▶ Problem description
Copy nothing but the lines from the line with "Nordic Fashion Leather" to the end of the records, retyped exactly. Pictures stay out.

══ Material for the task

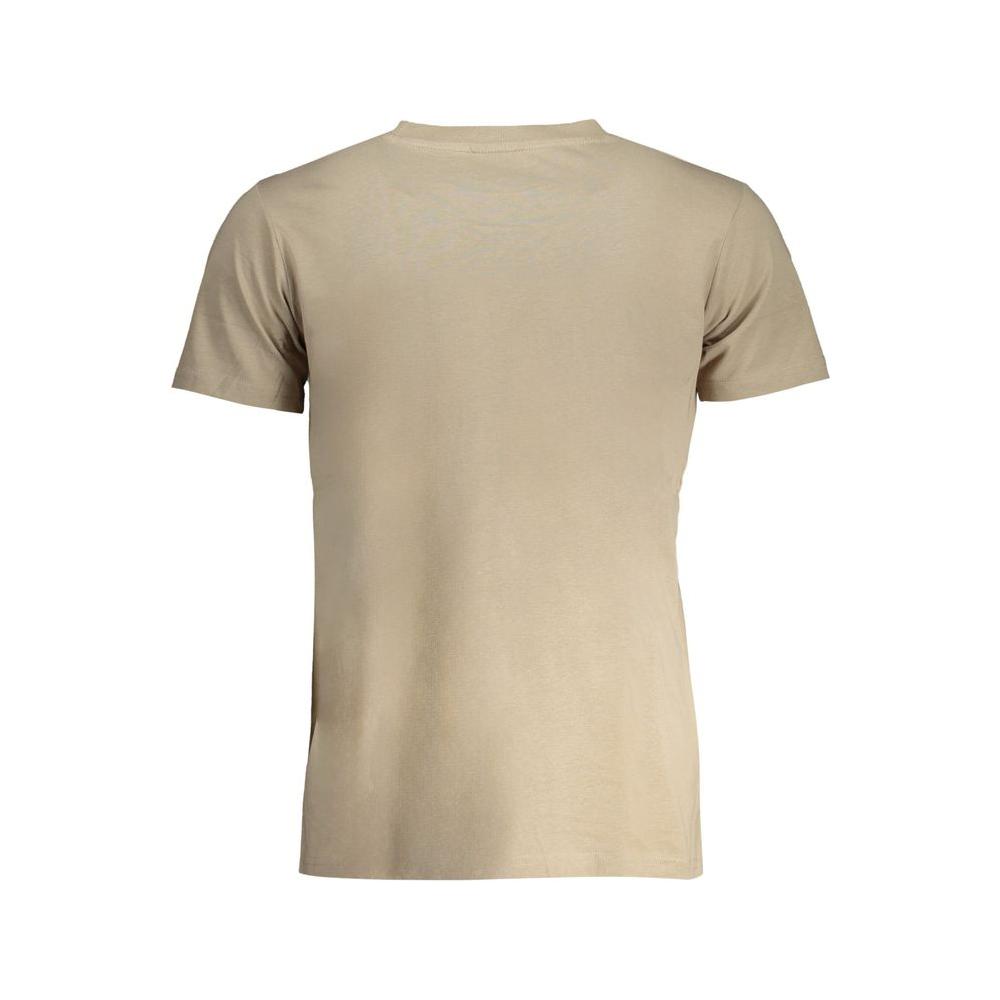 Back view of Norway 1963 beige cotton t-shirt with short sleeves and crew neck featuring printed logo.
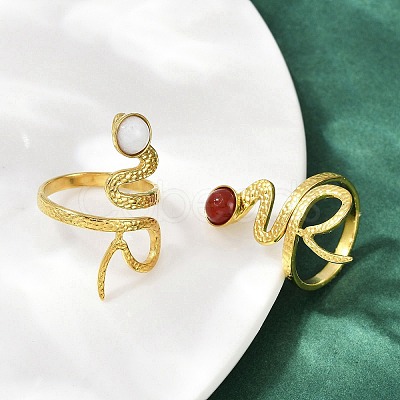 316 Stainless Steel with Natural Mixed Gemstone Cuff Rings RJEW-Z098-01G-07-1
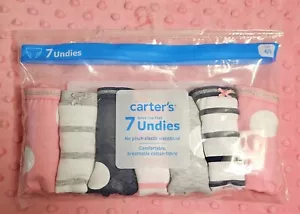 Kid Girl Size 4-5 Undies Carter's Pink Navy Blue Gray Polka Dot Striped - Picture 1 of 2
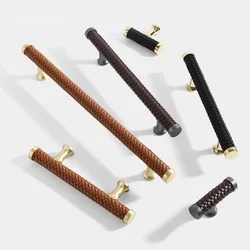 Nordic Fashion Leather Furniture Handles Golden Handles for Wardrobe and Drawer Zinc Alloy Furniture Fittings Cabinet Pulls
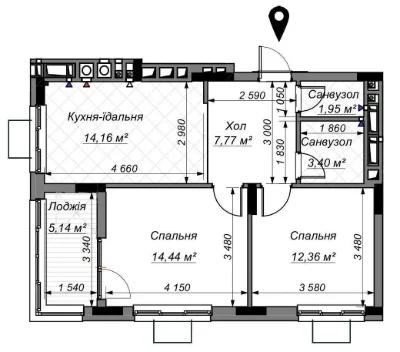 Продаж 2-кімнатної квартири, новобудова ЖК TWINS RESIDENCE Б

════

▶ Task output
 Nordic Fashion Leather Furniture Handles Golden Handles for Wardrobe and Drawer Zinc Alloy Furniture Fittings Cabinet Pulls
 Продаж 2-кімнатної квартири, новобудова ЖК TWINS RESIDENCE Б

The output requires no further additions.